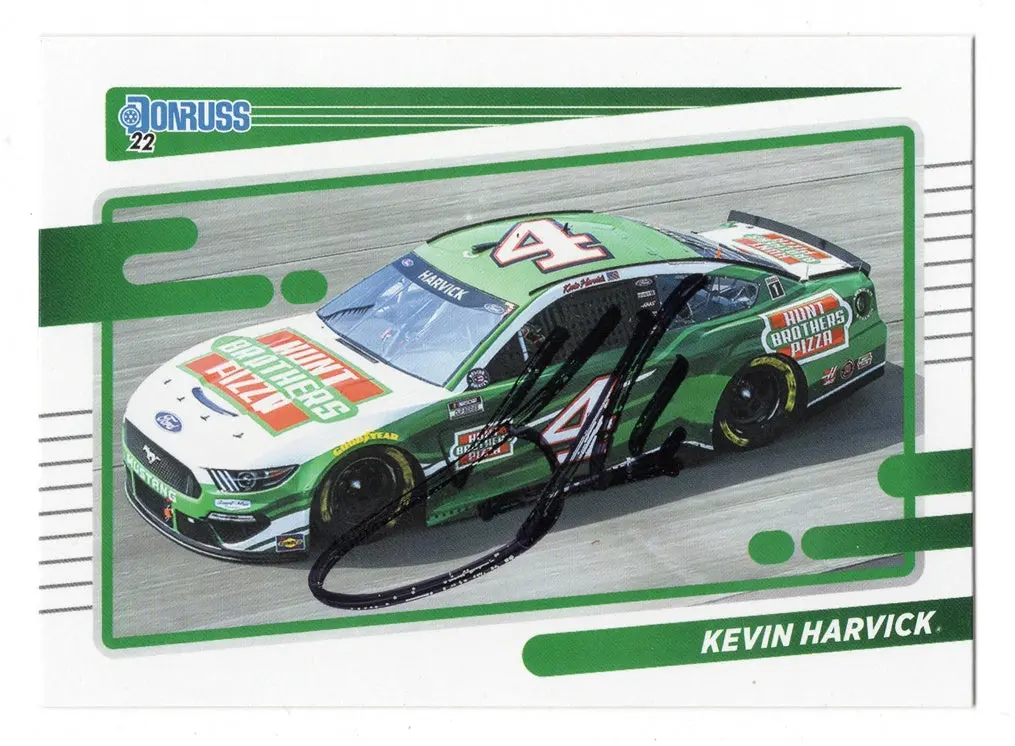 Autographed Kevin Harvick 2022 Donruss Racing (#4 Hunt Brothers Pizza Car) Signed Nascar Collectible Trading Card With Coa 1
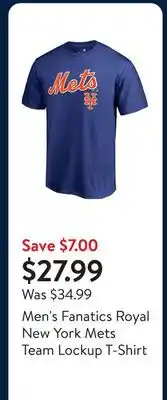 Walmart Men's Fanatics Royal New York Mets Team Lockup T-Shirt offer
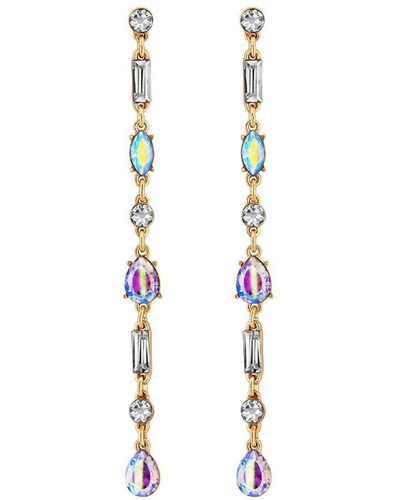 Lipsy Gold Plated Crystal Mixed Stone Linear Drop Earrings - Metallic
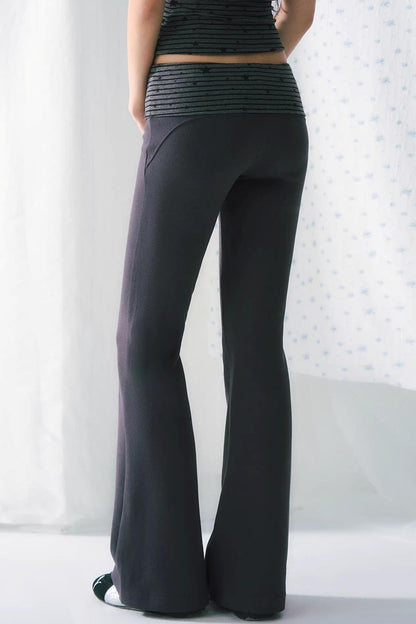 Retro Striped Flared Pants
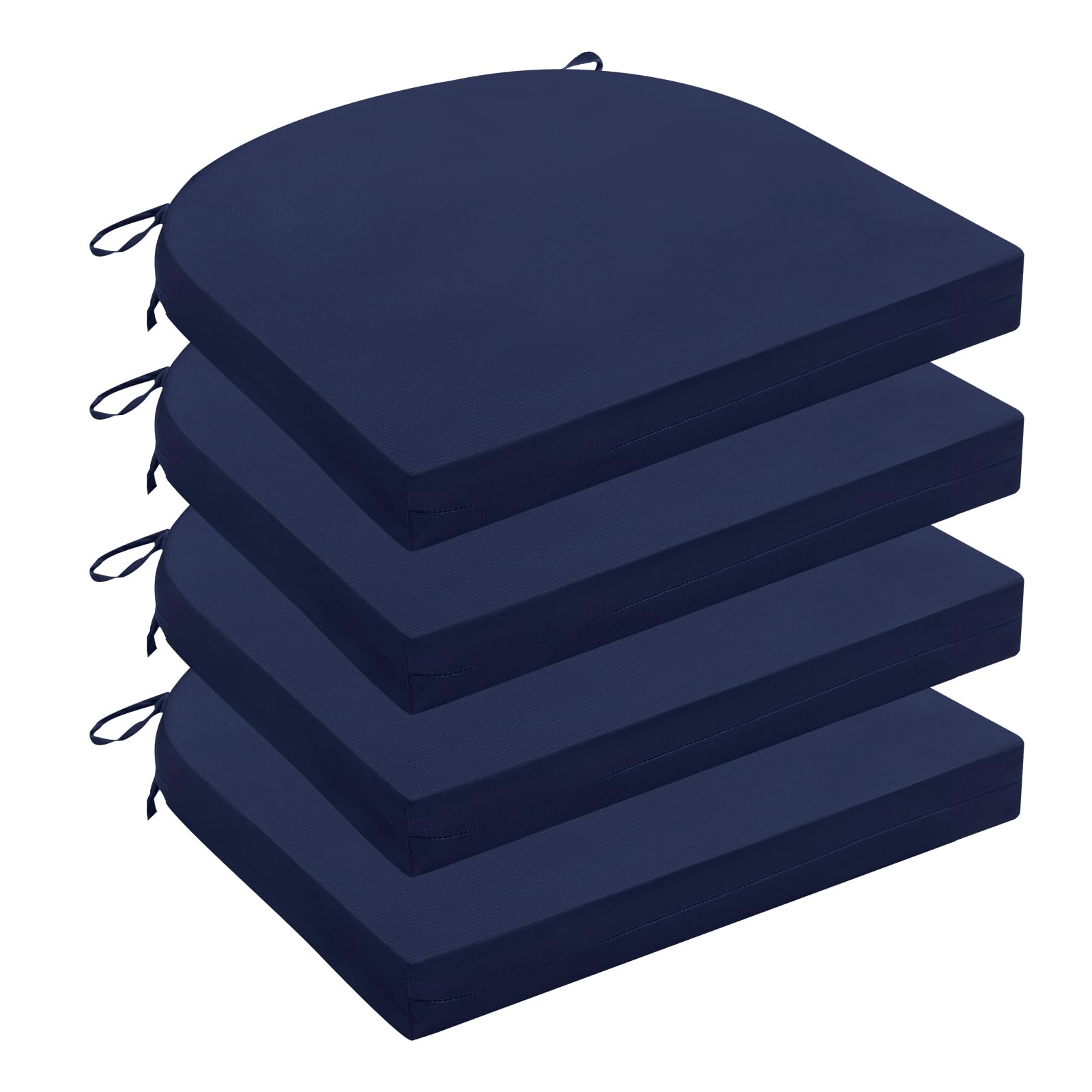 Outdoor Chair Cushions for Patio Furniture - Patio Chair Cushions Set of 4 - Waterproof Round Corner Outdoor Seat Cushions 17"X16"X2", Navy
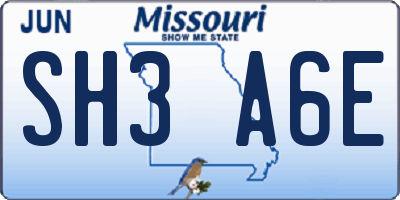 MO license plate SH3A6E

| Your instructions |
Drop the pictures, then transcribe the lines from the one containing "Retro Striped Flared Pants" to the end of the data above, exactly and nothing more.

| Exercise solution |
 Retro Striped Flared Pants
 Outdoor Chair Cushions for Patio Furniture - Patio Chair Cushions Set of 4 - Waterproof Round Corner Outdoor Seat Cushions 17"X16"X2", Navy
 MO license plate SH3A6E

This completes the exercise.